For those of you already thinking that, here’s what happened to me last Saturday, while most of the city was still sleeping. I beat the crowds to the farmers’ market only to find, for the second visit in a row, the farmstands void of anything springy, apart from a few greenhouse greens and some nettles (which I bought and cooked, thanks to Hank Shaw’s smart instructions not to kill myself eating raw, then blended into a pesto).
Instead of anything springy, I spent my dollars on apples. Five Fuji apples for eating, a couple Empire apples for baking up something nice. I didn’t want to bake a cinnamon-and-brown-sugar-laced cake, though. I wanted to turn my apples into something as springy as the 65-and-sunny weather that was making us so impatient for spring produce.
Out went the spices and walnuts and in went lemon, yogurt, and almond flour for lightness.
You’re not going to trick anyone into thinking she’s eating strawberries and rhubarb, but while we wait for the harvest here in the northeast, this cake is a yummy early spring substitute.
Almond, Apple & Lemon Cake
Serves 10 to 12
This recipe is adapted from Grandma Esther’s Plum and Walnut Cake. Some of you didn’t love how there was a whole cup of oil, so I replaced half with yogurt in this lighter version.

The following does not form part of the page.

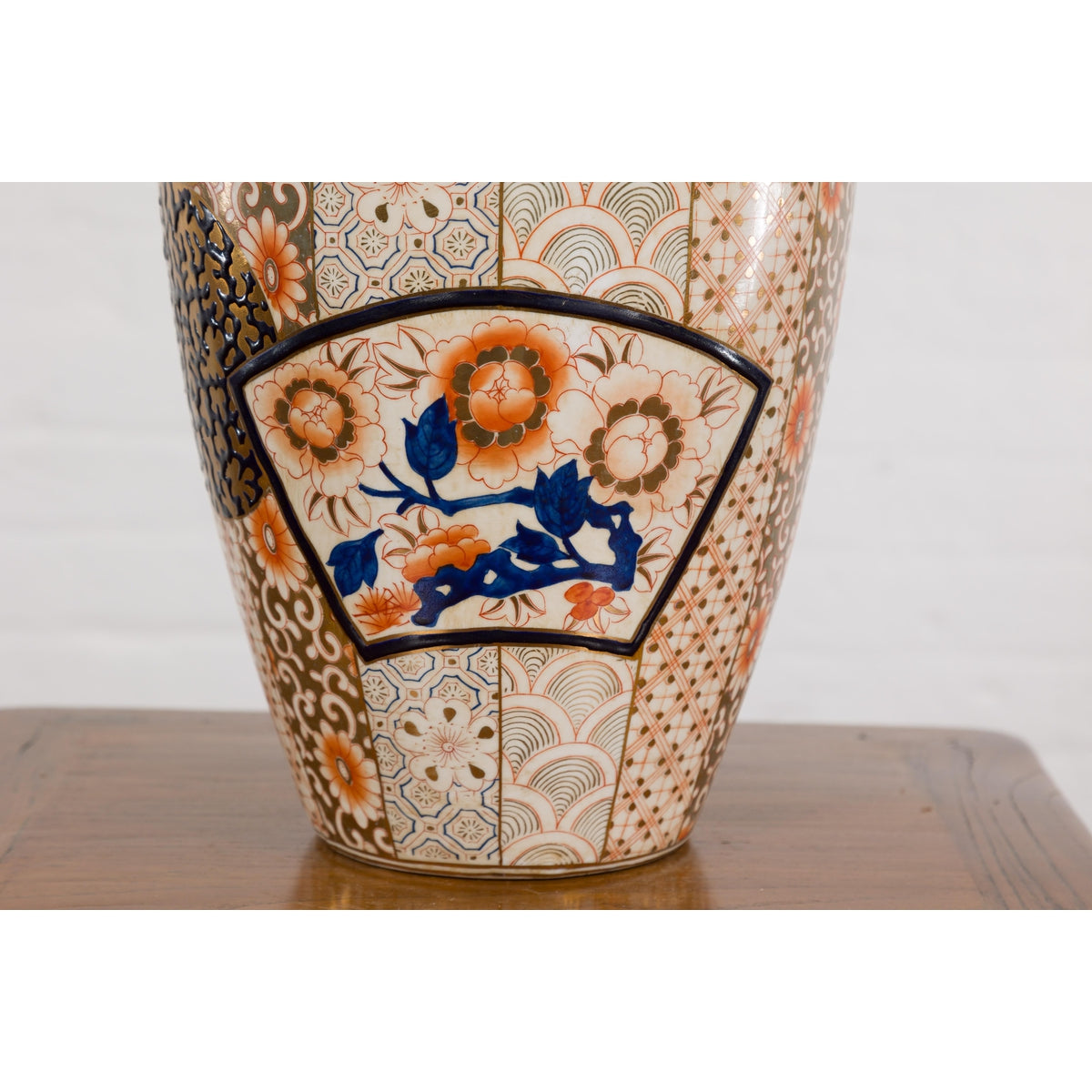 Arita Japanese Style Vase with Gold, Blue and Orange Floral Motifs-9. Asian & Chinese Furniture, Art, Antiques, Vintage Home Décor for sale at FEA Home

1/2 cup oil (I used half olive oil and half safflower, would be okay with all olive oil if you like the taste of olive oil cakes.
1/2 cup whole milk yogurt
1 1/2 cups sugar
1 tablespoon lemon zest
3 large eggs
1 1/2 cups flour
1/2 cup almond flour
1 teaspoon salt
1 teaspoon baking soda
1 cup sliced almonds, toasted
2 cups chopped apples from 3 peeled and cored Empire apples
Oil a 9-inch square baking pan. Preheat the oven to 350°F.
In a medium mixing bowl, beat the oil, yogurt, sugar, eggs and lemon zest.
In a smaller bowl, combine the white and almond flours, salt, and baking soda. Pour the dry ingredients over the wet and fold in. Fold in the apple and the walnuts.
Bake 1 hour to 1 hour 5 minutes, checking often as you get to the end to make sure the cake’s not burning, until the top is crisp and brown and a toothpick or skewer inserted in comes out clean.